1. Sad Satan Video Game
You may only be familiar with the idea of the deep web through the many news reports about it (most of which make it sound like a place that exists solely for people to connect with strangers who want to help them commit acts of organized crime). But there's much more to it than all the think pieces and crime procedural TV shows might have led you to believe.
All kinds of things exist in the password-protected depths of the deep web — including disturbing video games, like the mysterious "Sad Satan," which was supposedly found on a deep web forum. A user of that forum found it and sent it to Jamie Farrell, of the "Obscure Horror Corner" YouTube channel. Farrell uploaded some videos of the disturbing survival horror game, which involves long walks down darkened hallways, garbled-sounding backwards voices and a photo of a guy wearing deer antlers. Then, after claiming that the video was installing programs on his computer without his permission, Farrell deleted the game file...and no one has been able to find the actual game since.
If you made it to the end of the above video, you're probably wondering: what the hell was that? And that answer is: no one really knows. Some say the dark, purposely primitive game is about child abuse; some say it is about actual literal Satan. But since no one has been able to track down the game's actual creator, all we can do is keep guessing (and watching the video whenever we're like "Hmmm, my day has been too happy and un-upsetting! Wonder what I can do about that?").
2. Unfavorable Semicircle
The YouTube channel Unfavorable Semicircle spent about three months uploading dozens upon dozens of five second videos of a dot on a solid background, accompanied by a robot-y voice saying...something. Each video is titled with a seemingly random number and the astrological symbol for Sagittarius. Then, after a few months of frequent posting, the videos just stopped.
Is Unfavorable Semicircle just some kind of YouTube internal testing mechanism, like previous internet mystery Webdriver Torso turned out to be? Or is it something like an internet version of a numbers station — radio stations that broadcast long, mysterious strings of numbers, often to pass along coded messages? Is it how we're communicating with our reptilian overlords, who are already on YouTube because they love to watch beauty product vlogs? Or was it simply the art project of some bored college kids who want to make the world a little more mysterious/ interesting/ filled with robotic mumbling? Again, we don't know (though Reddit is on the case).
3. Max Headroom Mystery
The granddaddy of all video mysteries, this one predates the popular use of the internet — but that hasn't impeded its legacy as a major creepy video on the web. On November 22, 1987, people in the Chicago area attempting to watch the evening news got treated to a bonus feature — a silent, 30-second pirate video intrusion hosted by a guy wearing a rubber mask that made him look like '80s cult TV cartoon Max Headroom.

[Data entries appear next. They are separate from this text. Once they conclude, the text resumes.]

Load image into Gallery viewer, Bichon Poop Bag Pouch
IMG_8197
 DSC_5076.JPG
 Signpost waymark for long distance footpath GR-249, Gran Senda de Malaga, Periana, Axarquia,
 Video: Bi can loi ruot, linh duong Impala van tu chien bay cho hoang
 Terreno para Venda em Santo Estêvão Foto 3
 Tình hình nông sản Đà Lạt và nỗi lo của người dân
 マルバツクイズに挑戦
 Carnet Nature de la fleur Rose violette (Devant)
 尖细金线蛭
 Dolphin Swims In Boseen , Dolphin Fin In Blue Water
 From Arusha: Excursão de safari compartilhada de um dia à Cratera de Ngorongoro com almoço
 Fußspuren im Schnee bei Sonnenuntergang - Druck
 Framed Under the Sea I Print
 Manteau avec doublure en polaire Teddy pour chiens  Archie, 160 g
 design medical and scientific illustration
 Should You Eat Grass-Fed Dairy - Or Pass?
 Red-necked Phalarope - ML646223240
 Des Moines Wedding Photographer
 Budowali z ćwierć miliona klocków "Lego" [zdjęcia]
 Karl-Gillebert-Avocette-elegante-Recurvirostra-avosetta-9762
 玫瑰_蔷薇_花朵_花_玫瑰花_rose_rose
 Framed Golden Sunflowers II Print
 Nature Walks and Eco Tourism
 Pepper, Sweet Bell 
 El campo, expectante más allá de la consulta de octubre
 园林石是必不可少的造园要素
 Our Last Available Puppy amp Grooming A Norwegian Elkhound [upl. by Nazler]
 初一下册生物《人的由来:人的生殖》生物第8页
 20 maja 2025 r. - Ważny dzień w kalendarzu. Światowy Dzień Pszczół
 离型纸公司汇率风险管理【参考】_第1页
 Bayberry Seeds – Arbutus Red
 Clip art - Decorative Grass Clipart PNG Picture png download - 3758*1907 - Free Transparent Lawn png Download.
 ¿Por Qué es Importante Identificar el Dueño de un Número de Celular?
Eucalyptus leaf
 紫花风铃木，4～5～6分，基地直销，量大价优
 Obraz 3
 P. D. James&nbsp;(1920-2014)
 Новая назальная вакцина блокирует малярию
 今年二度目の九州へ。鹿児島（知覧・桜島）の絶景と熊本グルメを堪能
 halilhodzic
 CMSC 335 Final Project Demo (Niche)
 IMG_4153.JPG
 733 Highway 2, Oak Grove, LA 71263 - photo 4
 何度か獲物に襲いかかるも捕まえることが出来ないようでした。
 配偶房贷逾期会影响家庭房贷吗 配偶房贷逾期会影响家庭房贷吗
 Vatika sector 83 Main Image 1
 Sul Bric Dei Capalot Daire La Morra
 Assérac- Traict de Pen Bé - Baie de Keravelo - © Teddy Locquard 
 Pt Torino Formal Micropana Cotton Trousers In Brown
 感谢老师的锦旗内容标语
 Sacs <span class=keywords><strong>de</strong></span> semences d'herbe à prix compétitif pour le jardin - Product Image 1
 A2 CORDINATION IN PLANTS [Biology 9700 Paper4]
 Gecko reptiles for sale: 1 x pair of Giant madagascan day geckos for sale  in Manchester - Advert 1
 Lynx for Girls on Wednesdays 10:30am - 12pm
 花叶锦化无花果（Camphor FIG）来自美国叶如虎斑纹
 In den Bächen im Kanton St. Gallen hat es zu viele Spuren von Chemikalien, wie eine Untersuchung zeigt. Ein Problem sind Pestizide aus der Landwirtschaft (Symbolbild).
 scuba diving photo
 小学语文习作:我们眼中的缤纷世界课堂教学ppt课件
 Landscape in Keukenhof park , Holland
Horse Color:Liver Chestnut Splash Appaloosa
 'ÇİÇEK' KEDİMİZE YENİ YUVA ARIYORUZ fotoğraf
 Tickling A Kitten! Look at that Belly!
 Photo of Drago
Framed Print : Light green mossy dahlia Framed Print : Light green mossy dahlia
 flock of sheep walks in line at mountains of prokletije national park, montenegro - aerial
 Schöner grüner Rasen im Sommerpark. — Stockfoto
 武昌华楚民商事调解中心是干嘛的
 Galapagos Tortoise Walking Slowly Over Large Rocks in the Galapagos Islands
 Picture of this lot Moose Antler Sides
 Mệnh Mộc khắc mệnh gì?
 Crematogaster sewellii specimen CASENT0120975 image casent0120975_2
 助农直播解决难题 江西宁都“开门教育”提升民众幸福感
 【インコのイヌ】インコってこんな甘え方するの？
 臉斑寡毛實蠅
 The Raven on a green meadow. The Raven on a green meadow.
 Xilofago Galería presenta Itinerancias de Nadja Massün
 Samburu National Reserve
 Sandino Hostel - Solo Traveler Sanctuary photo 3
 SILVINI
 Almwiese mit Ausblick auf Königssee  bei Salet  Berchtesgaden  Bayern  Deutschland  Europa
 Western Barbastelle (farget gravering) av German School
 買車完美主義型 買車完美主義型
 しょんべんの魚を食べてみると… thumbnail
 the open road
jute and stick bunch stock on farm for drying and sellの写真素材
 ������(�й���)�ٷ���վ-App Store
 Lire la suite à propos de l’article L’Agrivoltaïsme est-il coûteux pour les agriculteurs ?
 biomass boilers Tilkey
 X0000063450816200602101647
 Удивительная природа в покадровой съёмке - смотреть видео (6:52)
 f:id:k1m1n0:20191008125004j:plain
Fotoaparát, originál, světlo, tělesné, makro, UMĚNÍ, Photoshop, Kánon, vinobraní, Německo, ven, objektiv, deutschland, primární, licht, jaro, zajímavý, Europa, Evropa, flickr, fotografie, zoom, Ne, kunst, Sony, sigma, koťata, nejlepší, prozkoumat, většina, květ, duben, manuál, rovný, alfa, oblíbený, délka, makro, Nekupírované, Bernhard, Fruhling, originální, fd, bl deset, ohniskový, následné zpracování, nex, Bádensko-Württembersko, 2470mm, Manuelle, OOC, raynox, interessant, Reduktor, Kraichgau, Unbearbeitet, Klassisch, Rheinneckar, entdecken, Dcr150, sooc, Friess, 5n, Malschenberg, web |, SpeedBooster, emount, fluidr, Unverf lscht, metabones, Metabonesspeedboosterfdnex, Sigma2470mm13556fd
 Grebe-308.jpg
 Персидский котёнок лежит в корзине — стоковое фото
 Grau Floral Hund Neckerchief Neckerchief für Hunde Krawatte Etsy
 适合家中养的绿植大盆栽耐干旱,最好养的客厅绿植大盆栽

A few hours later, folks in the same area who were trying to watch a Doctor Who episode on PBS got a longer version of the video that news viewers saw before: in this later version, the man in the rubber mask mumbles a bunch of nonsense for a minute and a half and then, at the videos' climax, is spanked by a woman with a flyswatter.
Technicians at both stations were astonished — though there had been previous pirate TV intrusions, most of the perpetrators had been quickly busted. But nearly 30 years later, no one has ever admitted or had the "Max Headroom mystery" pinned on them, though people have their guesses. But until someone makes a death bed confession about how in the '80s, they had this rubber mask and some signal-jamming technology, and they thought, "Hey, why not?", we're going to have to keep wondering. And isn't it nice, in our often mystery-free era, to still have some things to wonder about?